» **The task**: An exact copy of every record is the expected answer.

» **Short web captions**:

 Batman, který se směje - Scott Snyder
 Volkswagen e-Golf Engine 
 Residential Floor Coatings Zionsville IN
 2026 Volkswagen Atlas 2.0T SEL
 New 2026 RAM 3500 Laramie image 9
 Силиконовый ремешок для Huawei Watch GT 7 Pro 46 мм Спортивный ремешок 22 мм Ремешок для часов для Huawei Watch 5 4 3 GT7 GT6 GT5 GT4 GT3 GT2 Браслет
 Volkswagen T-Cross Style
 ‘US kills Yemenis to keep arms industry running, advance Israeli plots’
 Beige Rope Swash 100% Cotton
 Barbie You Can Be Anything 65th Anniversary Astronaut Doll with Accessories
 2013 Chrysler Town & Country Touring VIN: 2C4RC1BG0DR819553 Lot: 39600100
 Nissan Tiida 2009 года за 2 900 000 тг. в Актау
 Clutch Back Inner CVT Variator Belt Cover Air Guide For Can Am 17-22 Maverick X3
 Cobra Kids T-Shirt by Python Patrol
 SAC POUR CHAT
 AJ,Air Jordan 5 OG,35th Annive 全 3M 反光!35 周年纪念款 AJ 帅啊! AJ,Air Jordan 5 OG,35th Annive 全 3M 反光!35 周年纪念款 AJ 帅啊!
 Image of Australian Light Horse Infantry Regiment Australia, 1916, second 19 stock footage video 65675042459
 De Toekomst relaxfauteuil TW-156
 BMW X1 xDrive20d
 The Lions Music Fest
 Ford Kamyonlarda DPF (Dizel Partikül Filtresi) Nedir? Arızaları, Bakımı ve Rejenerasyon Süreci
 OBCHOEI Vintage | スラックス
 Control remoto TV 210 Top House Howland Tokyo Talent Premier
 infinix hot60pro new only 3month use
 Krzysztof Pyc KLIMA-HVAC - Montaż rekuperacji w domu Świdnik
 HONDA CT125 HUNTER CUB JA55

» **Output below**:
 Batman, který se směje - Scott Snyder
 Volkswagen e-Golf Engine 
 Residential Floor Coatings Zionsville IN
 2026 Volkswagen Atlas 2.0T SEL
 New 2026 RAM 3500 Laramie image 9
 Силиконовый ремешок для Huawei Watch GT 7 Pro 46 мм Спортивный ремешок 22 мм Ремешок для часов для Huawei Watch 5 4 3 GT7 GT6 GT5 GT4 GT3 GT2 Браслет
 Volkswagen T-Cross Style
 ‘US kills Yemenis to keep arms industry running, advance Israeli plots’
 Beige Rope Swash 100% Cotton
 Barbie You Can Be Anything 65th Anniversary Astronaut Doll with Accessories
 2013 Chrysler Town & Country Touring VIN: 2C4RC1BG0DR819553 Lot: 39600100
 Nissan Tiida 2009 года за 2 900 000 тг. в Актау
 Clutch Back Inner CVT Variator Belt Cover Air Guide For Can Am 17-22 Maverick X3
 Cobra Kids T-Shirt by Python Patrol
 SAC POUR CHAT
 AJ,Air Jordan 5 OG,35th Annive 全 3M 反光!35 周年纪念款 AJ 帅啊! AJ,Air Jordan 5 OG,35th Annive 全 3M 反光!35 周年纪念款 AJ 帅啊!
 Image of Australian Light Horse Infantry Regiment Australia, 1916, second 19 stock footage video 65675042459
 De Toekomst relaxfauteuil TW-156
 BMW X1 xDrive20d
 The Lions Music Fest
 Ford Kamyonlarda DPF (Dizel Partikül Filtresi) Nedir? Arızaları, Bakımı ve Rejenerasyon Süreci
 OBCHOEI Vintage | スラックス
 Control remoto TV 210 Top House Howland Tokyo Talent Premier
 infinix hot60pro new only 3month use
 Krzysztof Pyc KLIMA-HVAC - Montaż rekuperacji w domu Świdnik
 HONDA CT125 HUNTER CUB JA55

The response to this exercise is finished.